Input data:
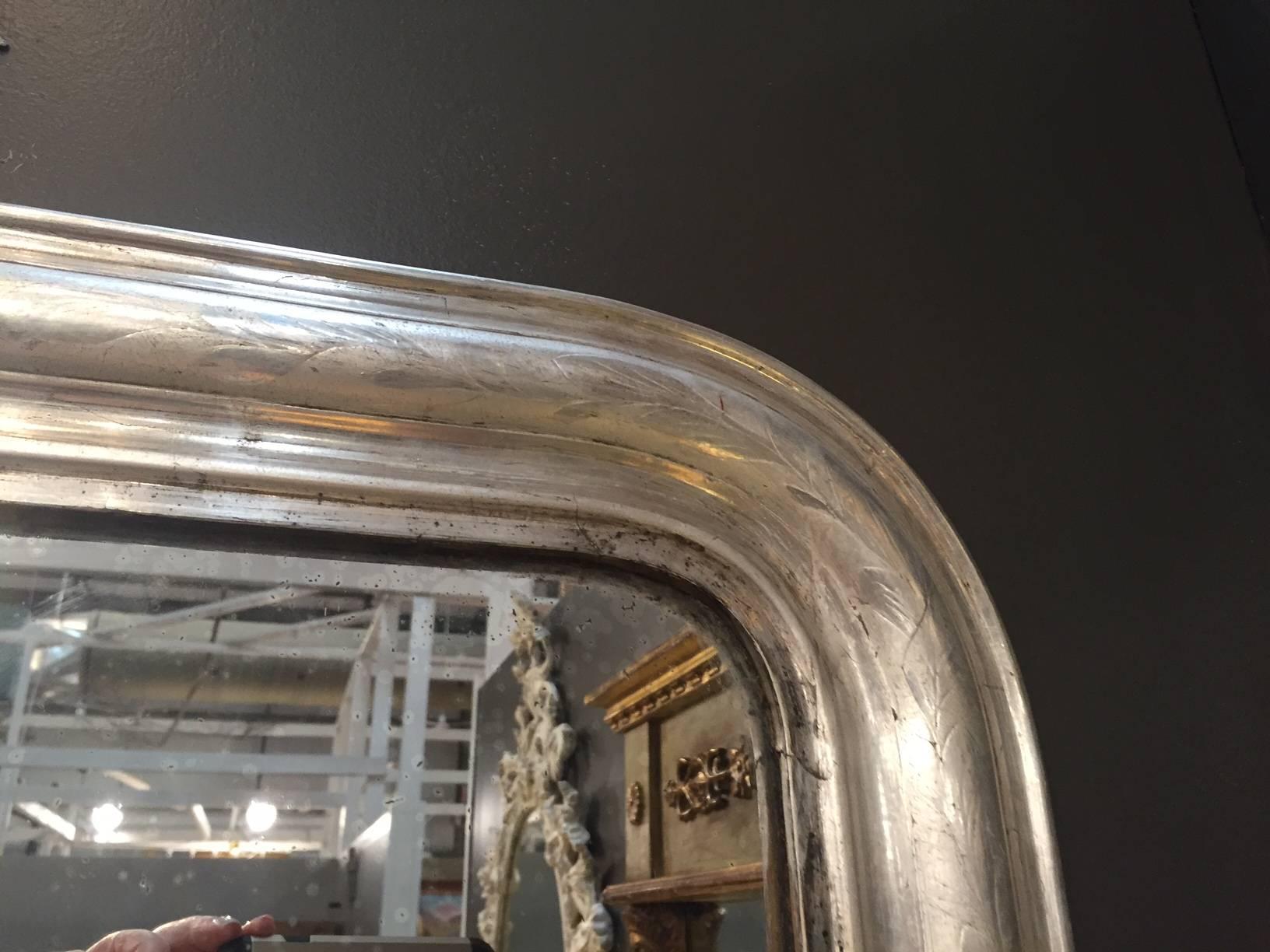 19th Century Silver Leaf Louis Philippe Mirror 2
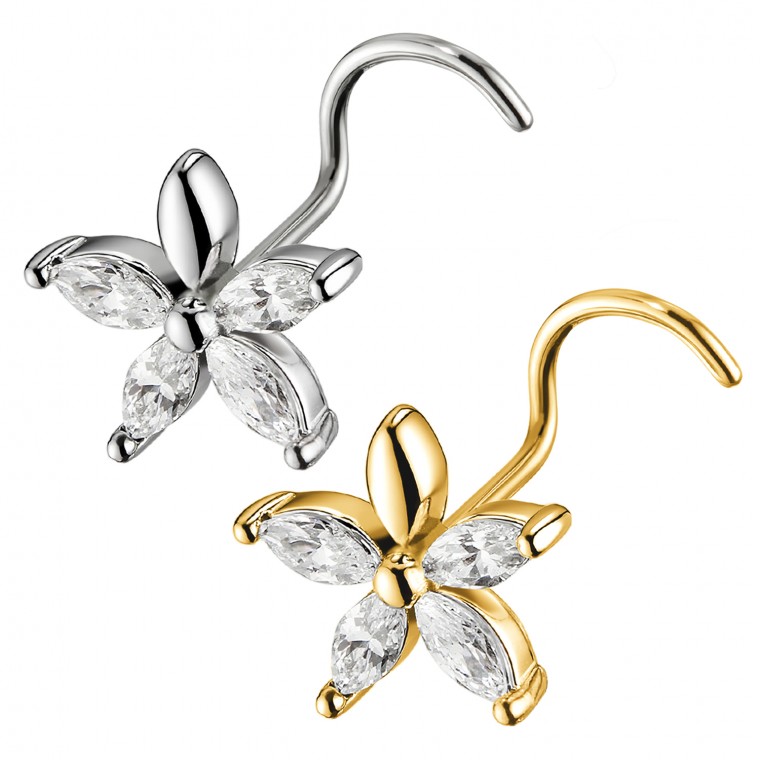 PB-075 Stud Naso con Cristalli a Forma di Fiore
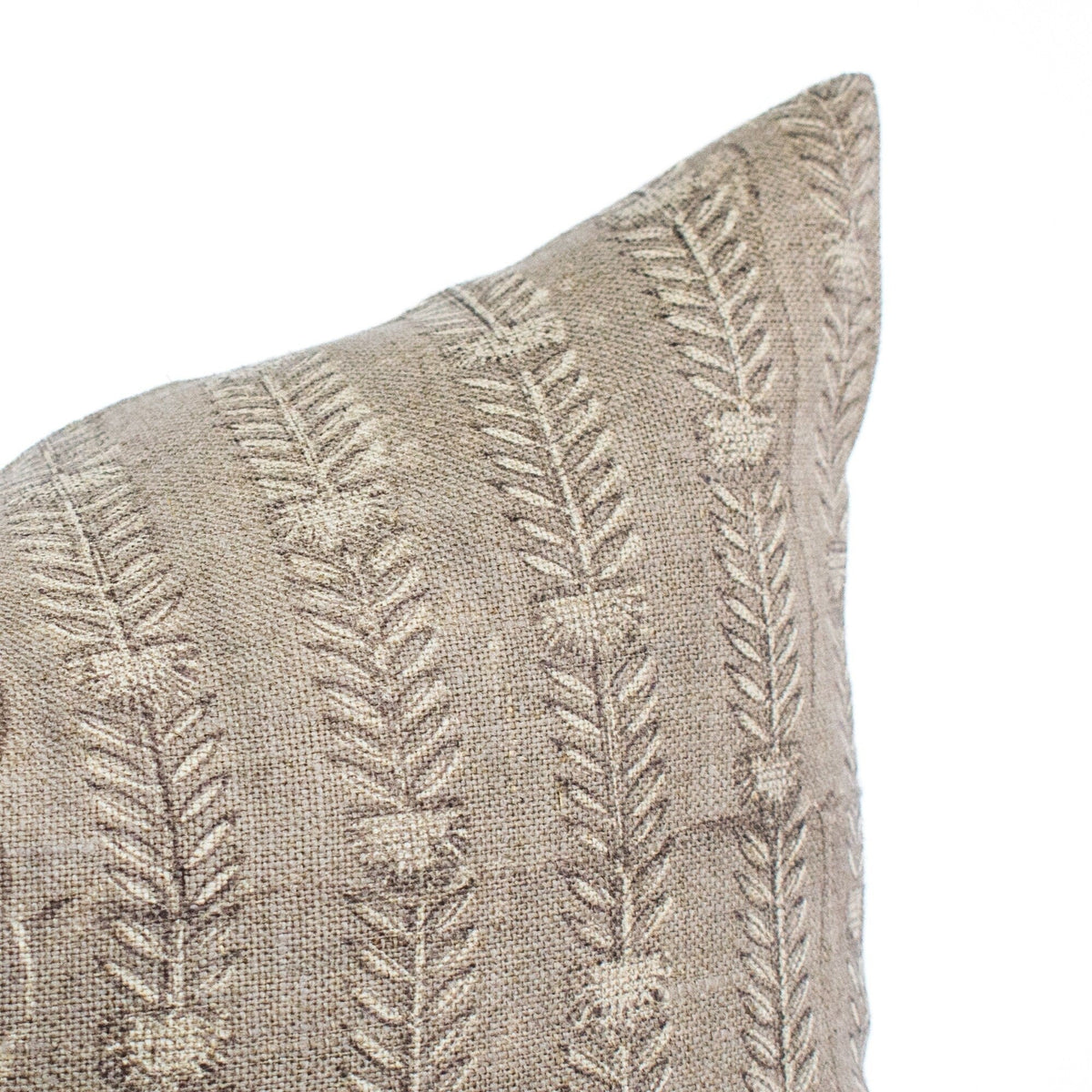 Indian Blockprint, Cozy Linen With Cotton-Backed Cushion, Festive Couch Or Chair Pillow, Holiday Pillow Cover For New House - BELA SLATE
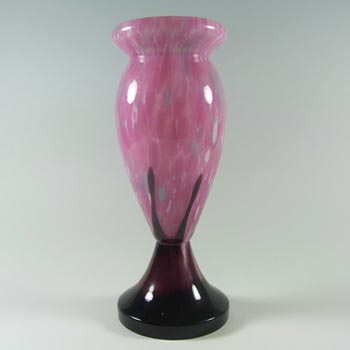 Czech 1930's Pink + Black Spatter/Splatter Glass Vase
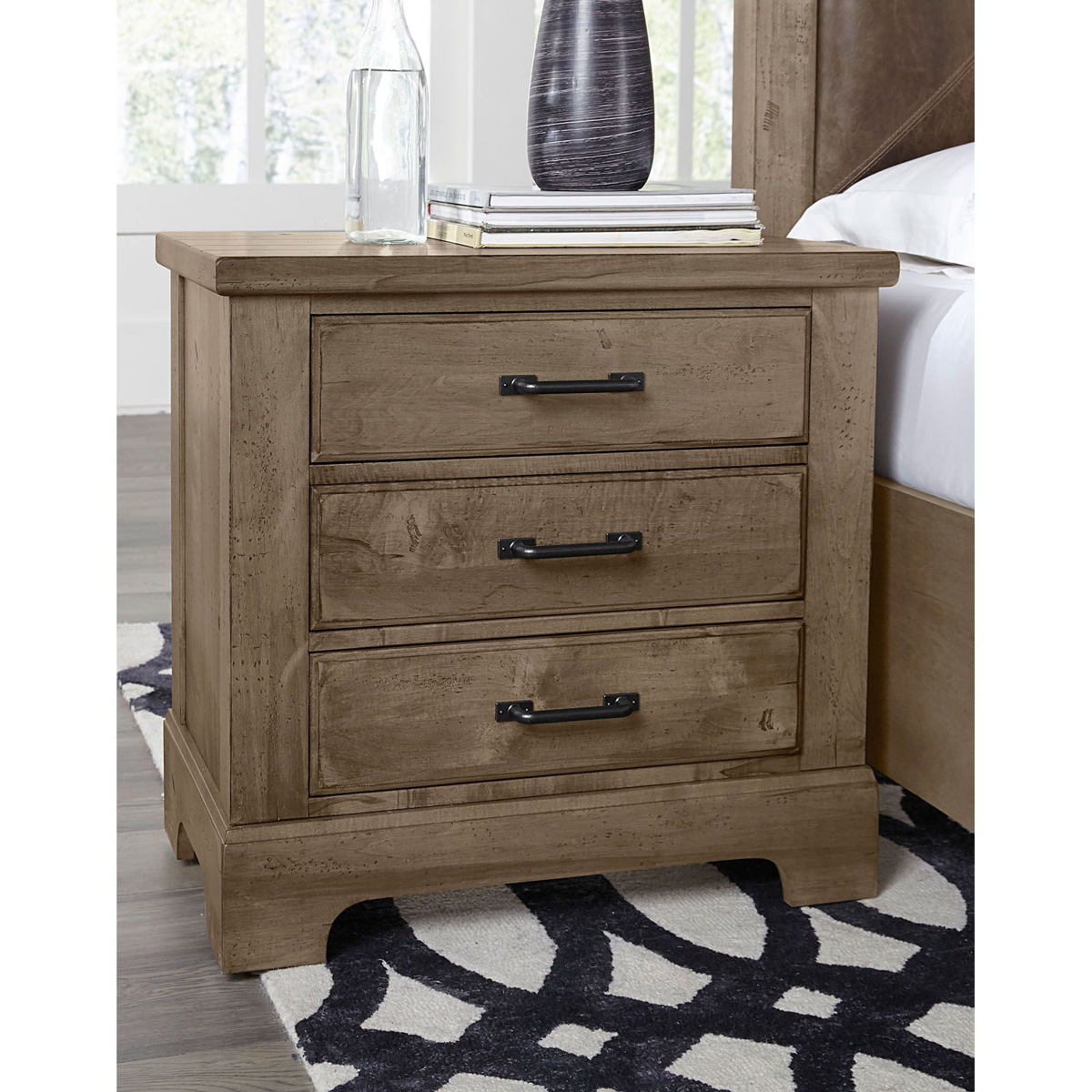 Picture of Cool Rustic Three Drawer Nightstand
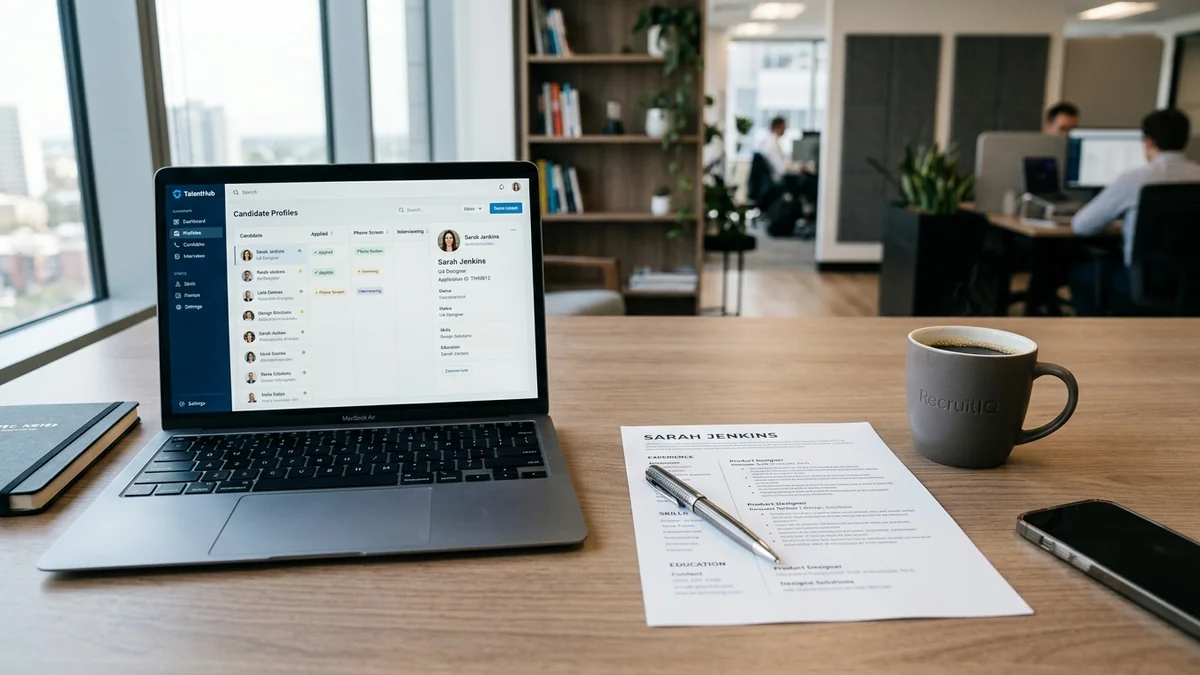 Corporate recruiter evaluating parsed candidate resumes on an applicant tracking system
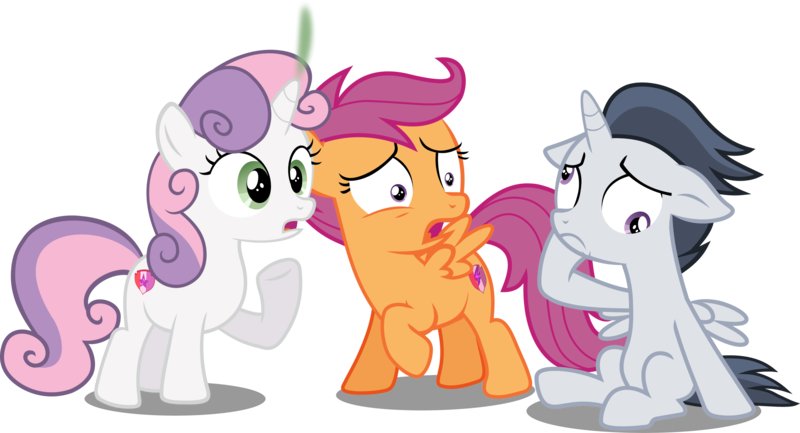 Size: 3411x1848 | Tagged: safe, artist:frownfactory, artist:slb94, derpibooru import, edit, edited edit, editor:slayerbvc, vector edit, rumble, scootaloo, sweetie belle, alicorn, pegasus, pony, unicorn, alicornified, colt, cutie mark, derp, dizzy, female, filly, floppy ears, high res, image, male, oops, png, race swap, raised hoof, rumblecorn, shocked, simple background, sitting, smoking horn, the cmc's cutie marks, transparent background, trio, vector, what has magic done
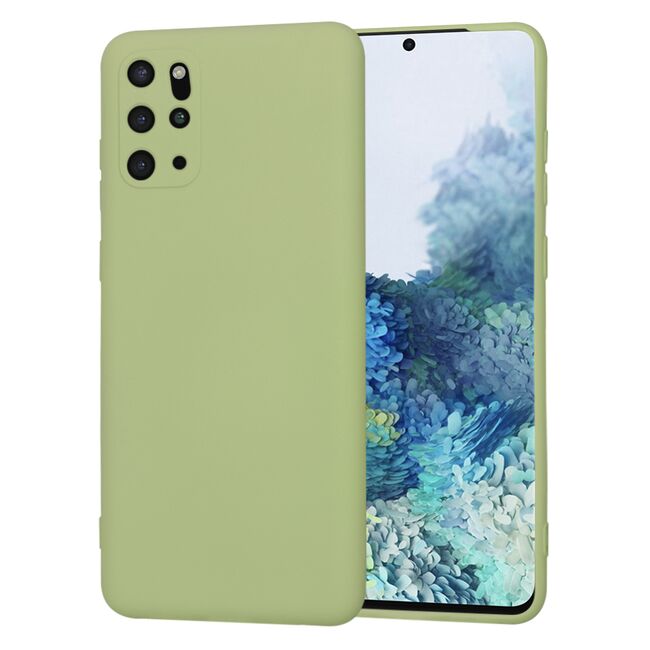 Husa pentru  Samsung Galaxy S20 Plus Liquid Silicone, subțire, captusita cu microfibra, anti amprentă, protectie cameră foto, verde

Activity:
The entries above are to be printed again word for word, with every picture removed.

Written answer:
 19th Century Silver Leaf Louis Philippe Mirror 2
 PB-075 Stud Naso con Cristalli a Forma di Fiore
 Indian Blockprint, Cozy Linen With Cotton-Backed Cushion, Festive Couch Or Chair Pillow, Holiday Pillow Cover For New House - BELA SLATE
 Czech 1930's Pink + Black Spatter/Splatter Glass Vase
 Picture of Cool Rustic Three Drawer Nightstand
 Corporate recruiter evaluating parsed candidate resumes on an applicant tracking system
 Size: 3411x1848 | Tagged: safe, artist:frownfactory, artist:slb94, derpibooru import, edit, edited edit, editor:slayerbvc, vector edit, rumble, scootaloo, sweetie belle, alicorn, pegasus, pony, unicorn, alicornified, colt, cutie mark, derp, dizzy, female, filly, floppy ears, high res, image, male, oops, png, race swap, raised hoof, rumblecorn, shocked, simple background, sitting, smoking horn, the cmc's cutie marks, transparent background, trio, vector, what has magic done
 Husa pentru  Samsung Galaxy S20 Plus Liquid Silicone, subțire, captusita cu microfibra, anti amprentă, protectie cameră foto, verde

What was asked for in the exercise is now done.